• _EXERCISE OBJECTIVE_
From the records below, set down exactly the lines starting with the line that contains "Black Silk Blend" and going on through the line that contains "모텔 Log Cabin Lodge & Suites". Nothing else is wanted.

• _RECORDS TO USE_
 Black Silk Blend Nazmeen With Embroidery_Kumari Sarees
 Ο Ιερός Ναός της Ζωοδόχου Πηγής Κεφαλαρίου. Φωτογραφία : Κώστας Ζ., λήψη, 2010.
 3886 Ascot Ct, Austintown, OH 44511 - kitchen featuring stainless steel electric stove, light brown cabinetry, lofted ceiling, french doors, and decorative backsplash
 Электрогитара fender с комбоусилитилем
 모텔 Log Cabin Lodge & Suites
---
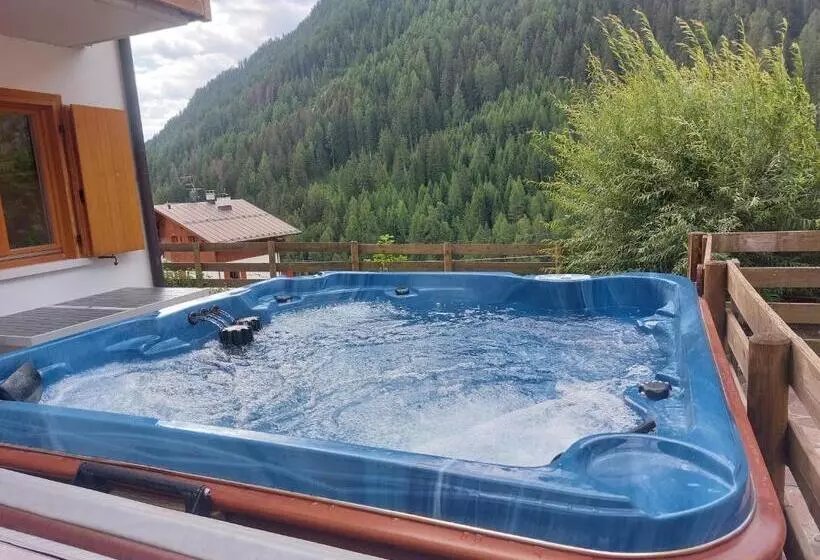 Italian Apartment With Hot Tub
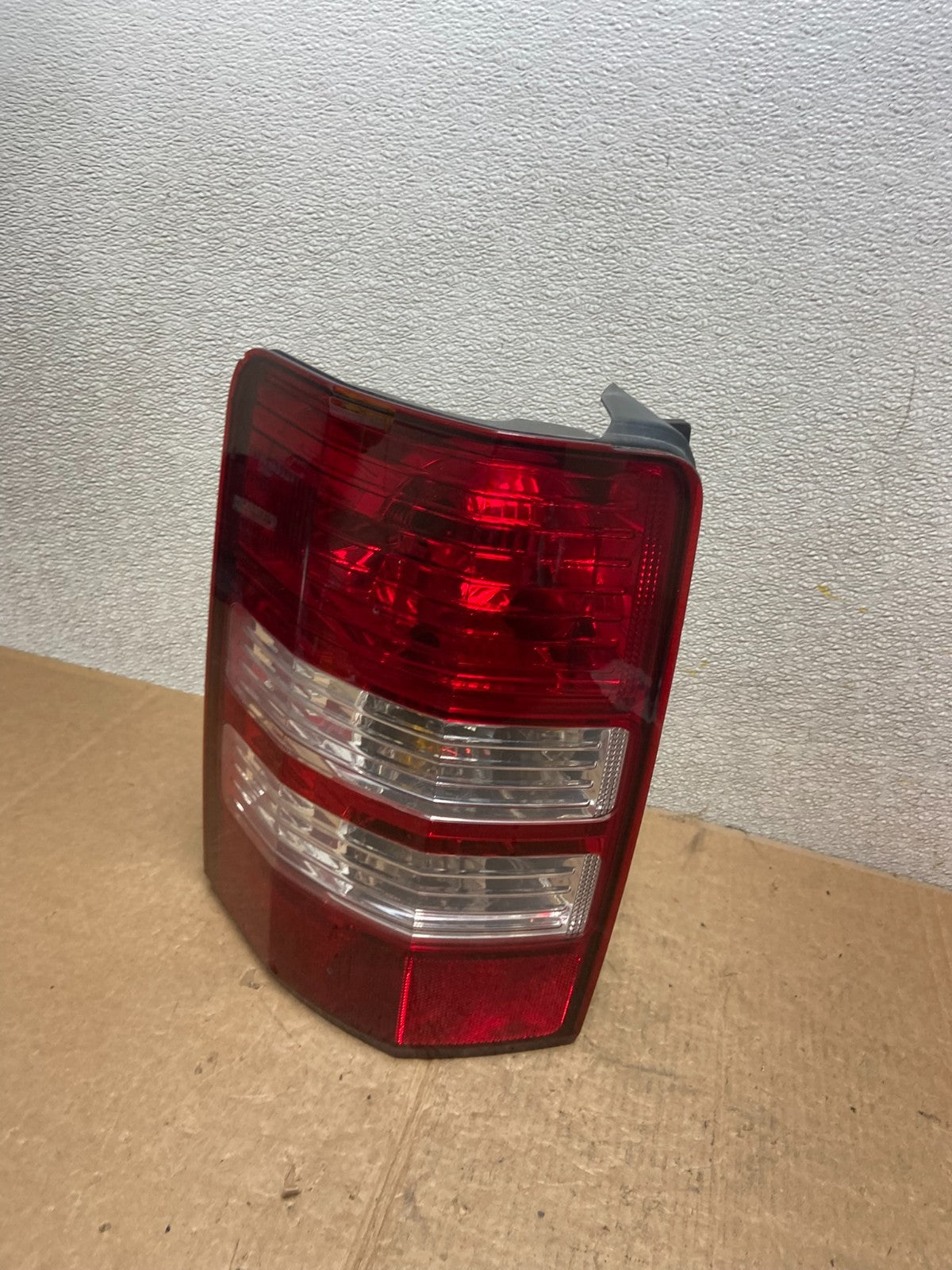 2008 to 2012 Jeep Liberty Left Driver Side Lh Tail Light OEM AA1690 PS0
* * *
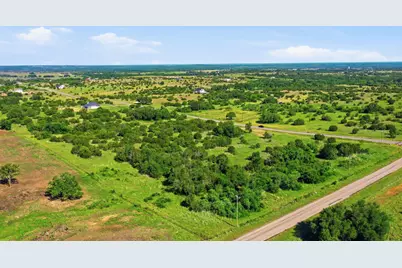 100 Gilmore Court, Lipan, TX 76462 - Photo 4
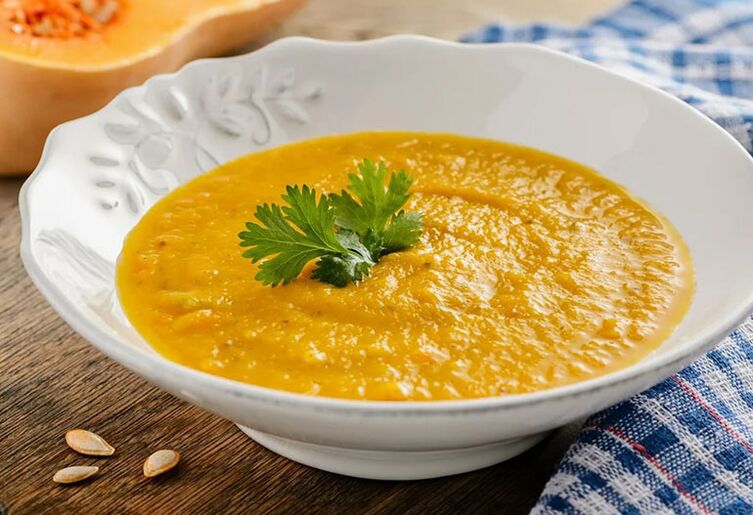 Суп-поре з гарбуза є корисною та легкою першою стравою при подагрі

• _RESULT OF THIS TASK_
 Black Silk Blend Nazmeen With Embroidery_Kumari Sarees
 Ο Ιερός Ναός της Ζωοδόχου Πηγής Κεφαλαρίου. Φωτογραφία : Κώστας Ζ., λήψη, 2010.
 3886 Ascot Ct, Austintown, OH 44511 - kitchen featuring stainless steel electric stove, light brown cabinetry, lofted ceiling, french doors, and decorative backsplash
 Электрогитара fender с комбоусилитилем
 모텔 Log Cabin Lodge & Suites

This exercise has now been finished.